Loop materialization in ArmSME

I recently shared an update on the ArmSME dialect and the proposed next steps, along with several patches that have now landed:

  • D154941 - Add custom get_tile_id and cast ops
  • D154867 - Introduce custom ops for SME
  • D154955 - Implement tile allocation
  • D155306 - Add tile load op and extend tile store tile size support

On D154867 Diego pointed out we’re materializing a loop when lowering to intrinsics:

Something important here: we introduce the SME lowering layer to explicitly model what is needed for SME and make the conversion to LLVM easier. However, here we are materializing a loop.
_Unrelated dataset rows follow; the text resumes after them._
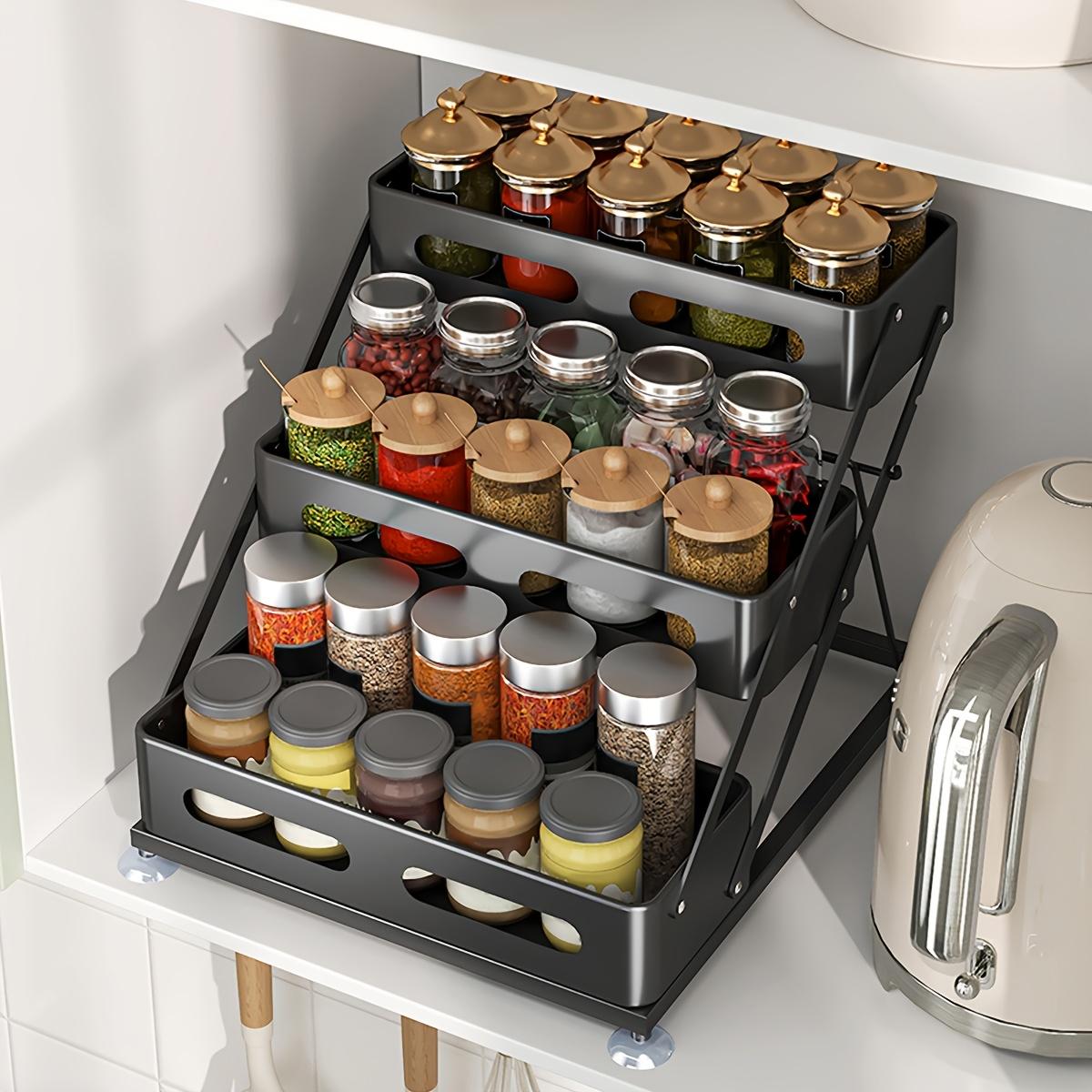 PLL 3-Layer Foldable Cast Iron Spice Rack with Safety Fence-Space-Saving Kitchen Cabinet with Countertop Organizer, Durable Paint Design, Holiday Theme Style, Simple Metal Shape, Solid Construction versatile storage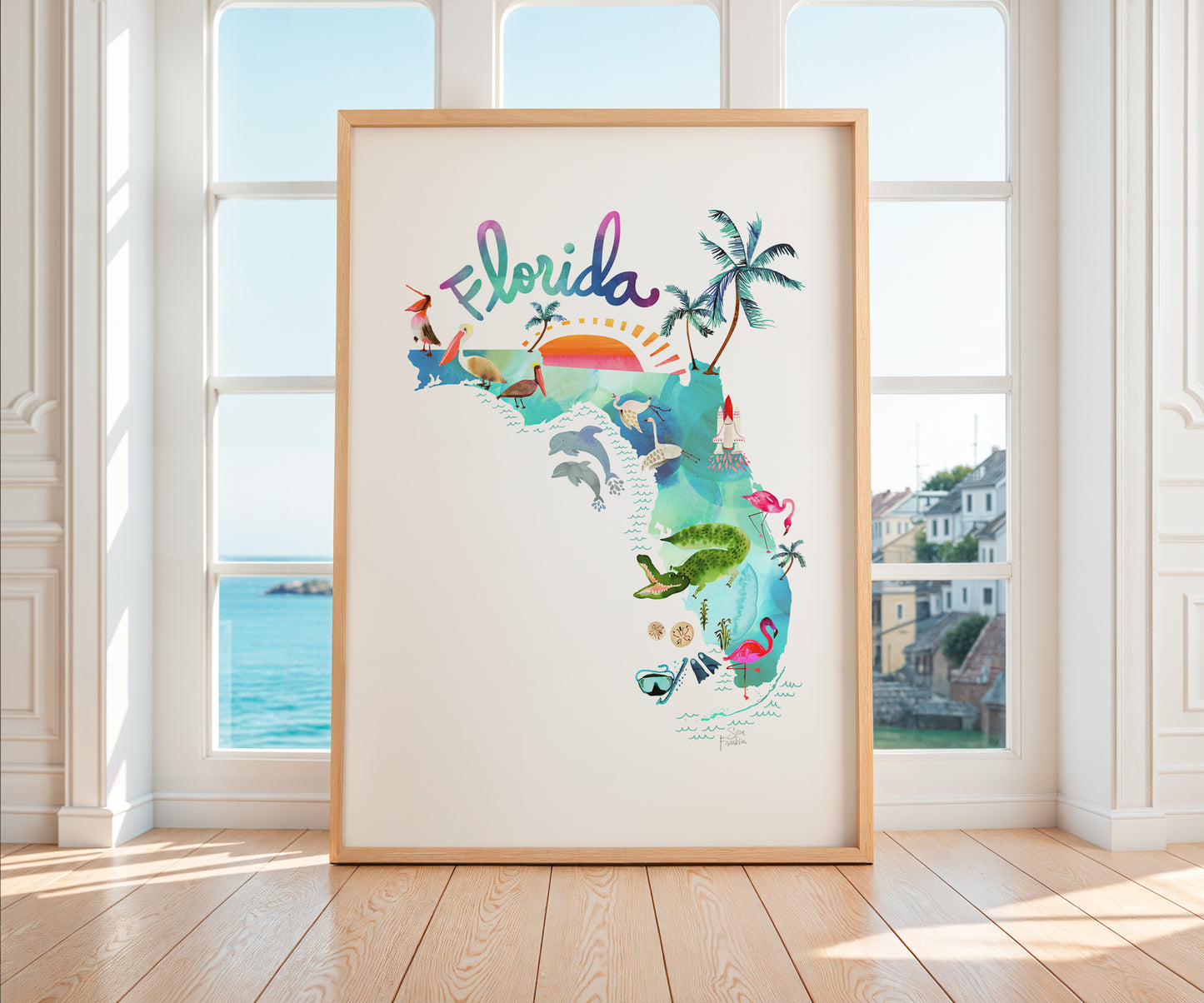 a picture frame with a picture of a map of the state of florida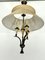 Lámpara de araña Mid-Century de latón con pantalla de tela, años 50, Imagen 8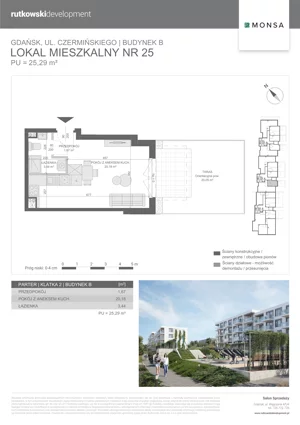 1 pokój, mieszkanie 25,29 m², parter, oferta nr M25, Monsa etap 6, Gdańsk, Jasień, Rębowo, ul. Konrada Guderskiego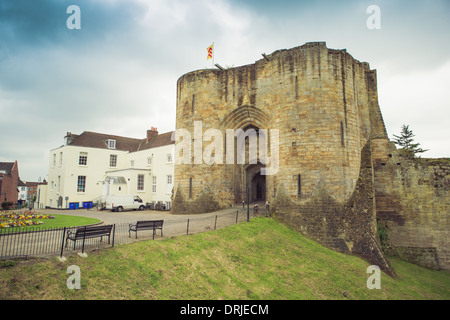 Norman Tonbridge Castle e Mansion, Tonbridge, Kent, Regno Unito Foto Stock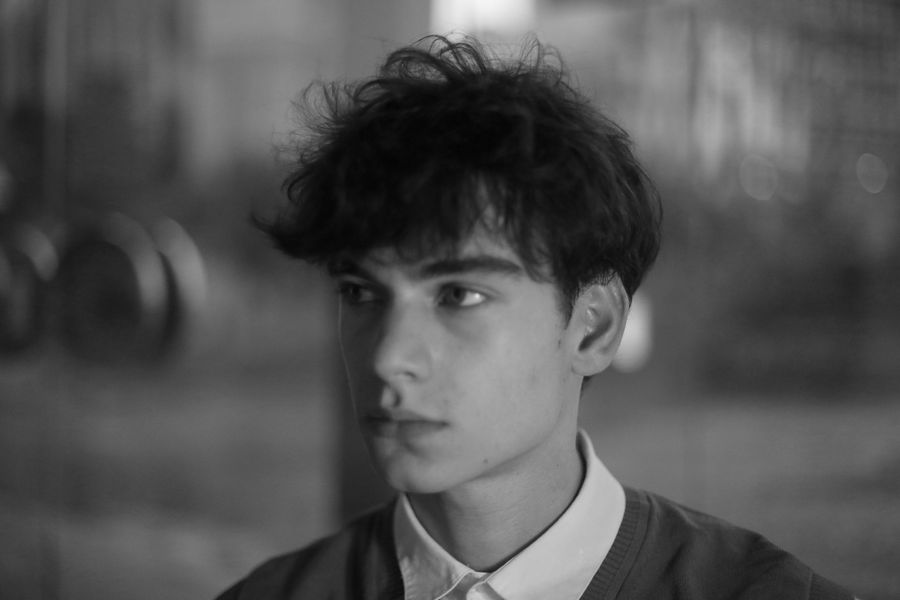 Jan — black and white, close-up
I’m wondering why that loop is not generated when we move from Vector to the SME dialect and then the conversion to LLVM is mostly a 1:1 translation to the intrinsics.

It sounds good to me to do this separately but this is a big abstraction change so hopefully we can do it sooner than later. If you think the non-loop abstraction is also useful, we could also have two level of abtractions within the same dialect, where we go first to the non-loop one and then materialize the loop at some point within the SME dialect. The Vector dialect is a good example of this.

The reason for this is the load and store instructions [1] in SME load or store tile slices, which are 1d vectors of horizontally or vertically contiguous elements within a ZA tile. To load or store an entire tile we emit a loop when lowering to intrinsics (-convert-vector-to-llvm=“enable-arm-sme”), for example:

scf.for %tile_slice_index = %c0 to %num_tile_slices step %c1 {
  "arm_sme.intr.ld1w.horiz"(%pg, %ptr, %tile_id, %tile_slice_index) : (vector<[4]xi1>, !llvm.ptr, i32, i32) -> ()
}

To resolve this, we’ve (@c-rhodes, @paulwalker-arm, @banach-space) come up with two new ops that map 1-1 with the intrinsics:

  1. arm_sme.load_tile_slice_and_update - Loads a 1D tile slice from memory into a 2D SME “virtual tile”.
  2. arm_sme.store_tile_slice - Stores a 1D tile slice from a 2D SME “virtual tile” into memory.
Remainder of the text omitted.